Trump calls on NATO allies to 'get guts,' send ships to Strait of Hormuz

Asked why he had not mentioned NATO in his Wednesday night address to the nation, Trump said it was not a NATO speech but that he had referenced the strait and those who were absent. "They gotta get guts and go in and just send your ships up there and enjoy it," he told Politico.

Anadolu Agency AMERICAS
Published April 02,2026
Subscribe

US President Donald Trump on Thursday urged the members of NATO to gather the courage to send naval vessels to the Strait of Hormuz, again disparaging the longtime military alliance.
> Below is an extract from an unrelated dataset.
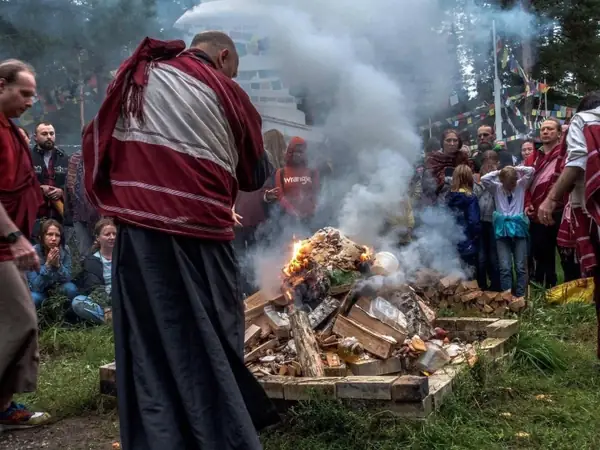 Cúng Dường Khói Hương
Asked why he had not mentioned NATO in his Wednesday night address to the nation, Trump said it was not a NATO speech but that he had referenced the strait and those who were absent. "They gotta get guts and go in and just send your ships up there and enjoy it," he told Politico.

Pressed on whether he was frustrated with the alliance, Trump said: "I couldn't care less. I didn't need them."
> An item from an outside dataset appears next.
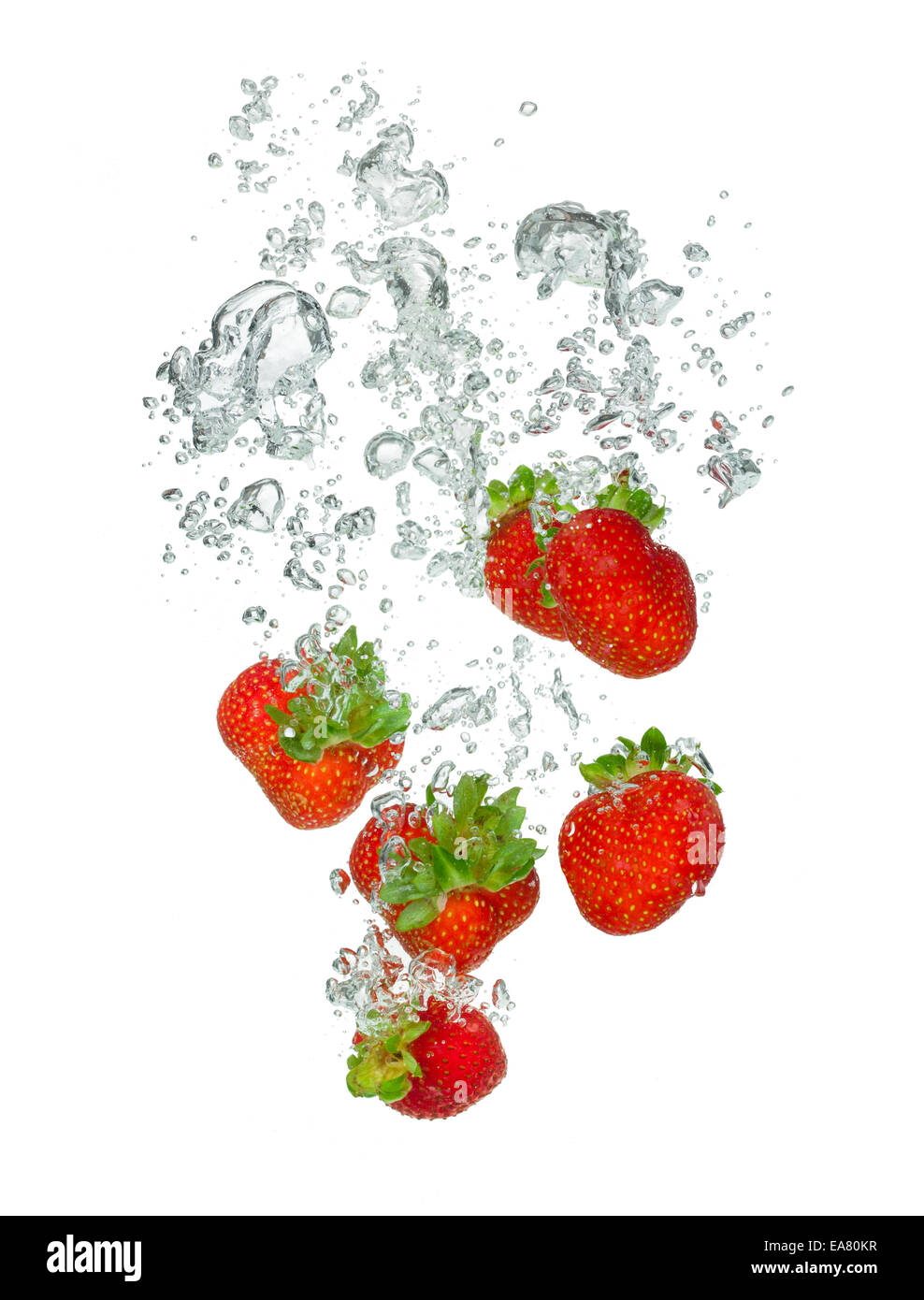 Fraise de isolés de tomber dans l'eau, isolé sur fond blanc Banque D'Images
He added: "But if I ever did need them, they wouldn't be there."

NATO has invoked Article 5-its collective defense clause-just once in its history, after the 2001 terrorist attacks on the United States. NATO allies have criticized Trump for starting the war on Iran without consulting them.

The remarks are the latest in a string of pointed criticisms Trump has directed at NATO over its response to the Strait of Hormuz crisis. He has previously called alliance members "cowards" and, in a separate interview with British daily The Telegraph, described NATO as a "paper tiger" and said leaving the alliance was "beyond reconsideration."
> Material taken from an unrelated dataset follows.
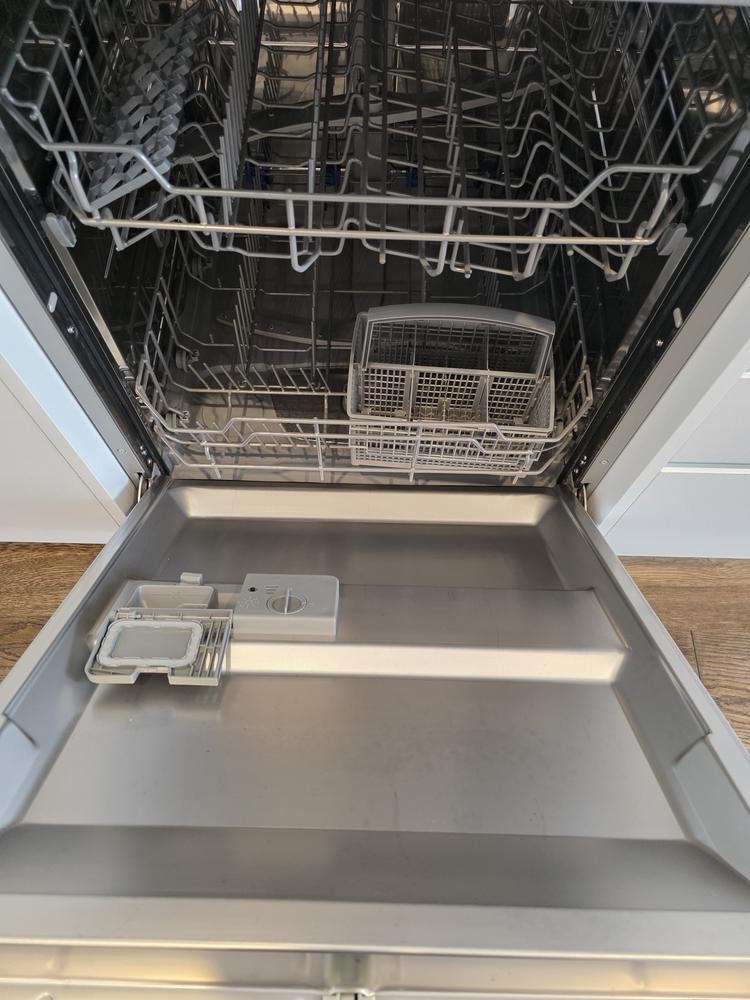 Clean dishwasher interior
Leaving NATO unilaterally—a move Trump has hinted at since his first term—would face significant legal hurdles. A 2023 law bars any US president from withdrawing from the alliance without the backing of a two-thirds majority in the US Senate.

The strait, through which roughly 20 million barrels of oil pass daily, has been effectively disrupted since early March following Iranian measures taken in retaliation for the US-Israeli offensive on Iran that began on Feb. 28.

Trump has repeatedly urged European allies and Gulf states to take a more active role in securing the strait, arguing that countries dependent on its oil should bear responsibility for reopening it.